**Task instructions**
Transcribe nothing except the lines below that run from the one with "Shorts de bain" to the one with "Seven Dials Womens", ends included, and do not copy any picture.

**Data**
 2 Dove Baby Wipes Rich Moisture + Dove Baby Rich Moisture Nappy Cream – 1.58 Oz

---

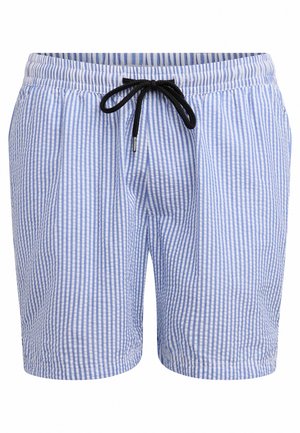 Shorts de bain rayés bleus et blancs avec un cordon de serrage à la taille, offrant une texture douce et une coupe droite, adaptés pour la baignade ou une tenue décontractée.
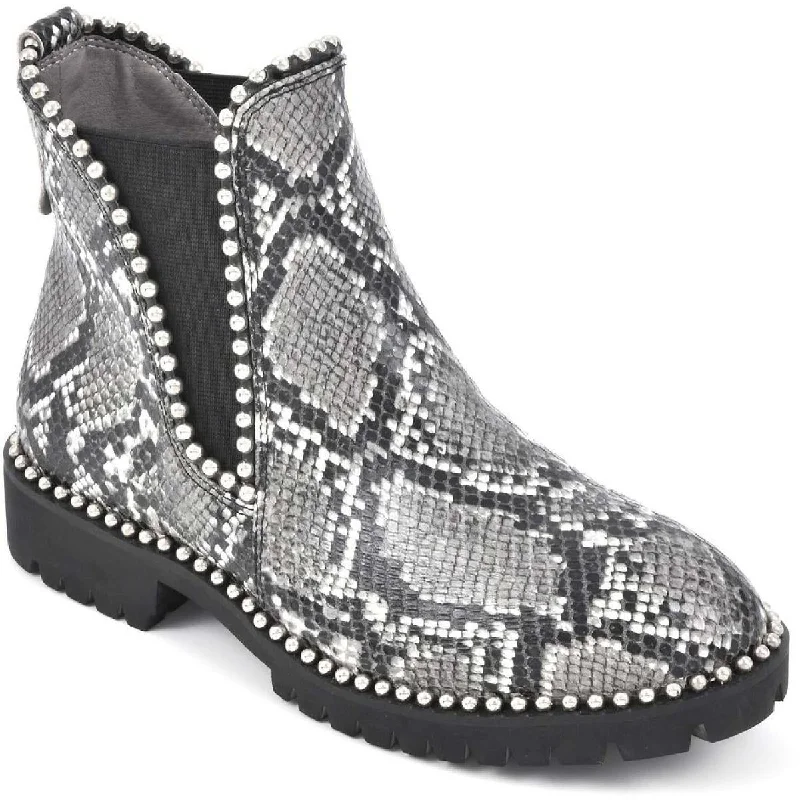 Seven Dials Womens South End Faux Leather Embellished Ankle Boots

**Solution for this task**
 Shorts de bain rayés bleus et blancs avec un cordon de serrage à la taille, offrant une texture douce et une coupe droite, adaptés pour la baignade ou une tenue décontractée.
 Seven Dials Womens South End Faux Leather Embellished Ankle Boots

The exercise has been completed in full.